= EXERCISE OBJECTIVE =
Each line of the material below is to be written out exactly. Leave out any picture.

= RECORDED DATA =

___

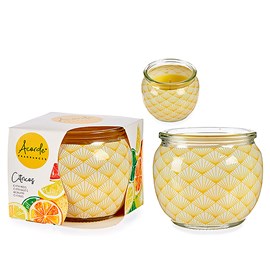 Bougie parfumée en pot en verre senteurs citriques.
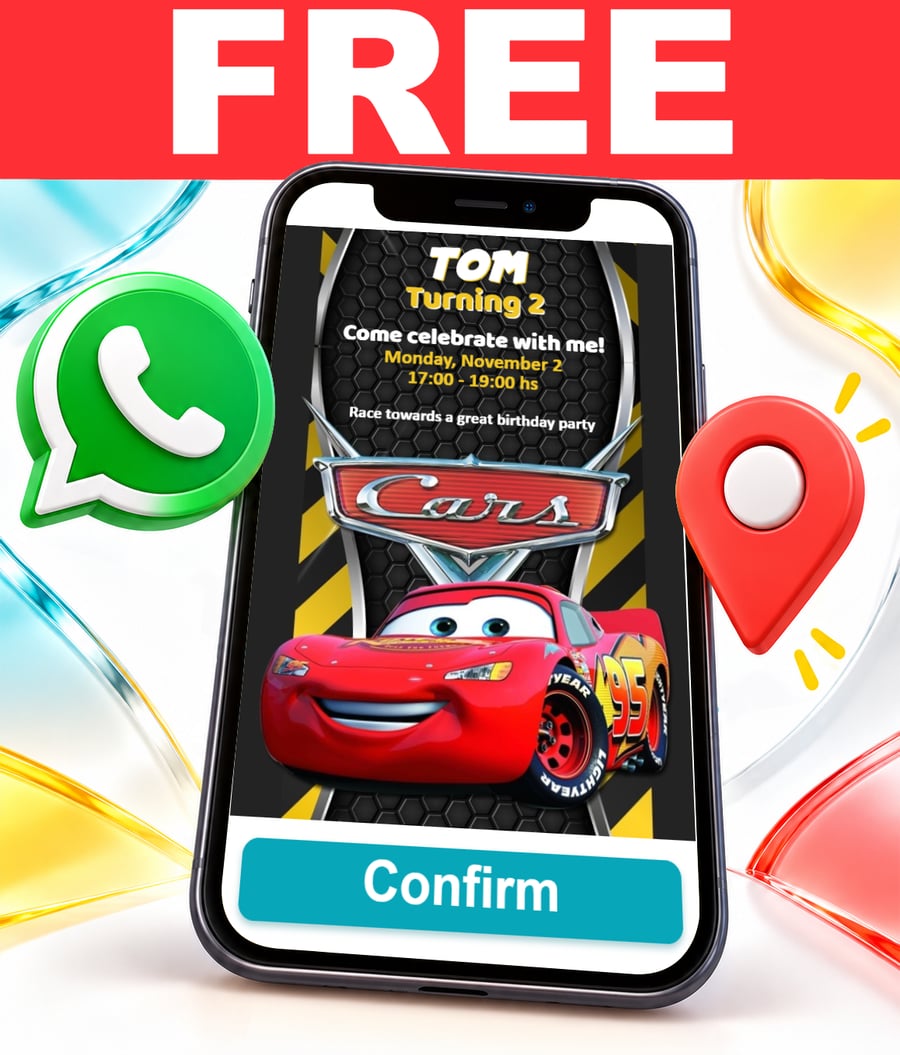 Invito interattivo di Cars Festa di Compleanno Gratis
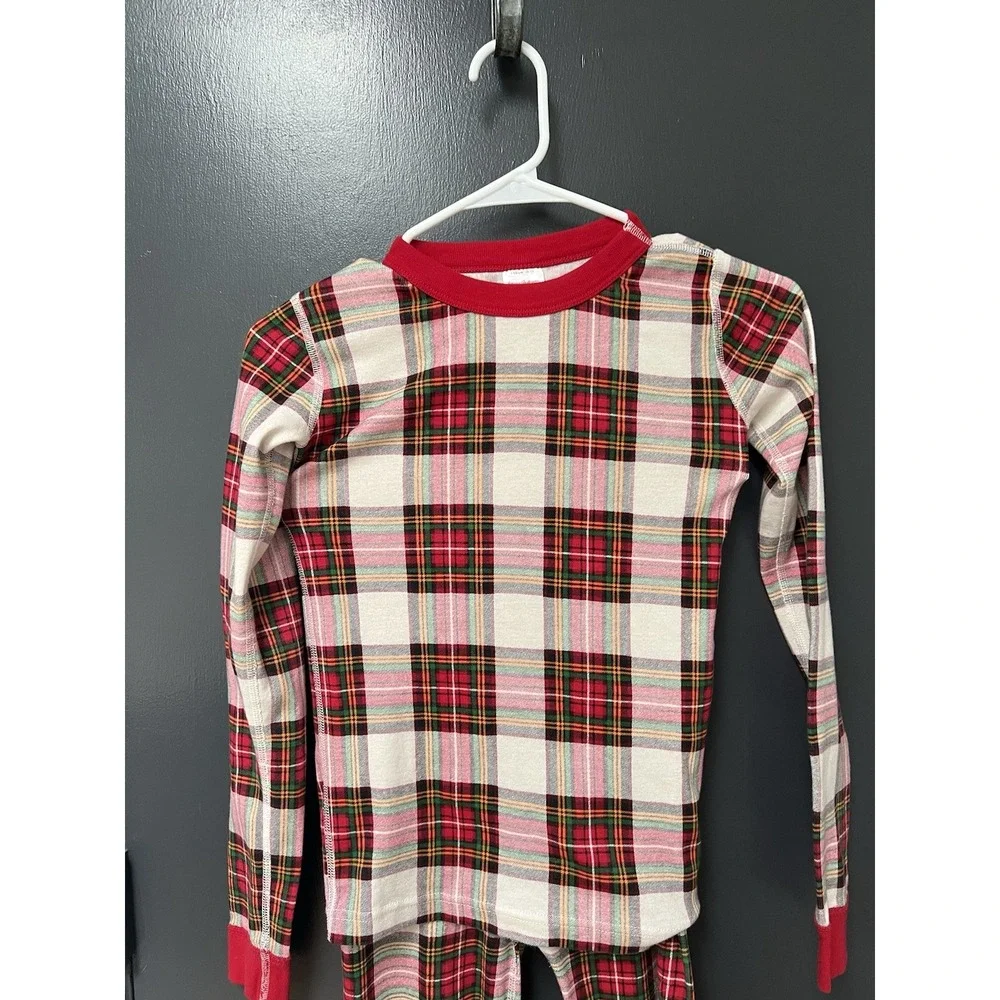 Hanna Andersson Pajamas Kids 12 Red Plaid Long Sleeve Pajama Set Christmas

___

= WORKED SOLUTION =
 Bougie parfumée en pot en verre senteurs citriques.
 Invito interattivo di Cars Festa di Compleanno Gratis
 Hanna Andersson Pajamas Kids 12 Red Plaid Long Sleeve Pajama Set Christmas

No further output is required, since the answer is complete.